L'avocat d'Agathe Habyarimana, Me Philippe Meilhac, a estimé que l'arrestation mardi en France de la veuve du président rwandais était liée à la visite du président français à Kigali cinq jours auparavant.

"Si elle (ma cliente ndlr) doit être entendue, elle souhaite s'exprimer devant une juridiction française ou internationale, mais elle considère que les juridictions pénales rwandaises ne sont pas suffisamment indépendantes et impartiales" a estimé Me Meilhac.

Elle est également visée par une enquête ouverte à Paris en 2008, à la suite d'une plainte d'un collectif de victimes pour complicité de génocide et de crime contre l'humanité.

Kigali applaudit

Les autorités rwandaises ont salué mardi l'interpellation d'Agathe Habyarimana.

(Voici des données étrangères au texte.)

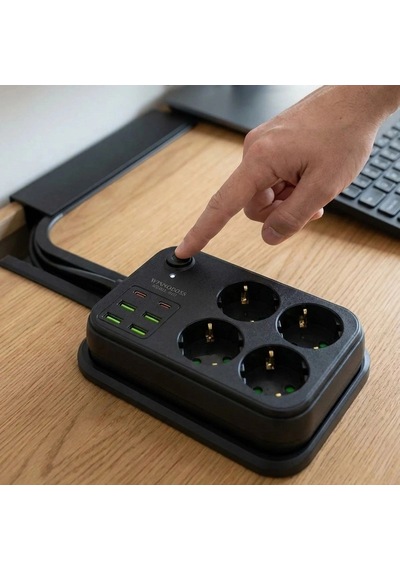 Çoklu Priz Uzatma Kablosu 4 Soket + 4 Usb + 2 Type-c Termal Akım Korumalı, Isıya Dayanıklı, Çocuk Korumalı G Standart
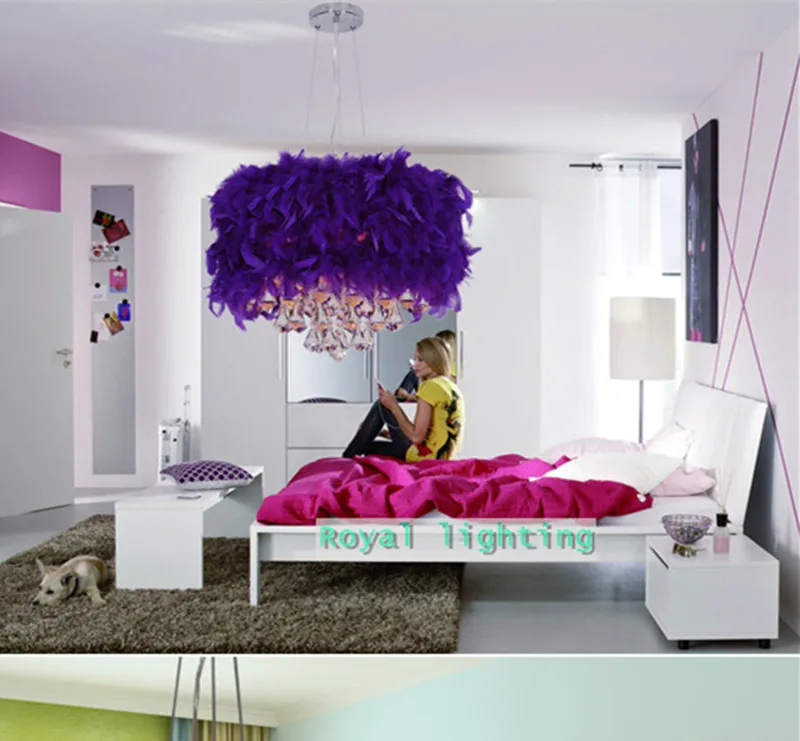 Cafe Новинка перо подвесные светильники Post современный кристалл алмаза лампы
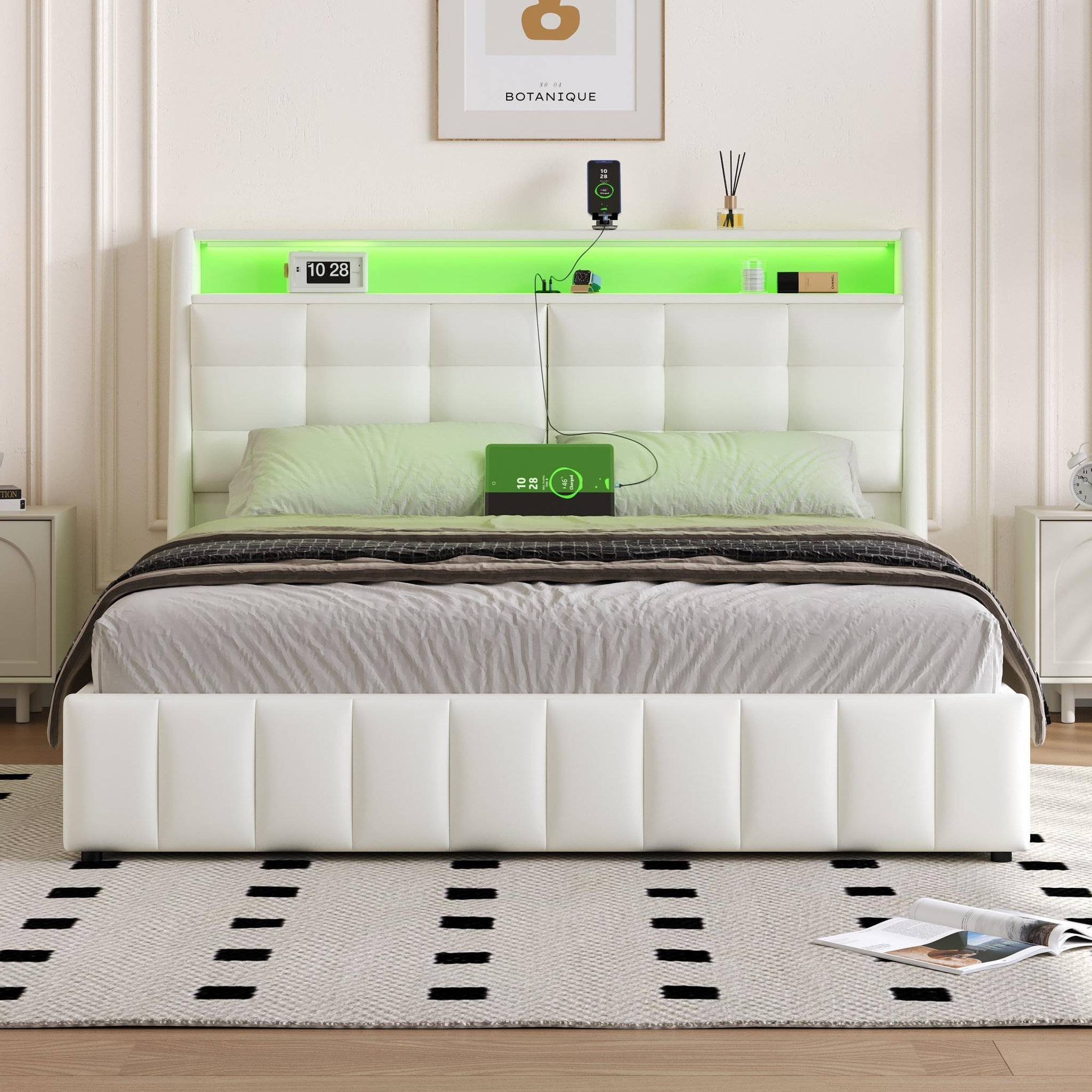 Voir la diapositive 4 : MERAX Lit coffre rembourré 160x200 cm coloris blanc led mdf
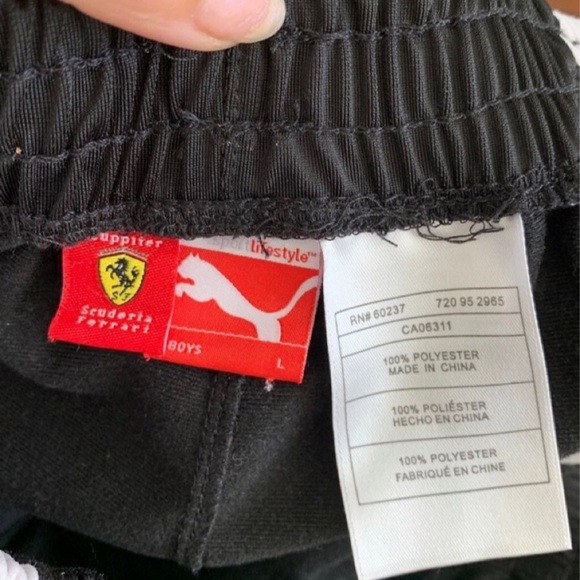Puma Black Men's Shorts with Ferrari Logo - Picture 8 of 9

Agathe Habyarimana "fait partie des principaux planificateurs du génocide (...) il est important qu'elle soit traduite en justice et réponde aux questions qui lui seront posées par les instances judiciaires", a estimé le ministre rwandais de la Justice, Tharcisse Karugarama.

Le ministre a exhorté la France à renvoyer la veuve de l'ex-président devant la justice rwandaise en dépit de l'absence d'un traité d'extradition entre Paris et Kigali.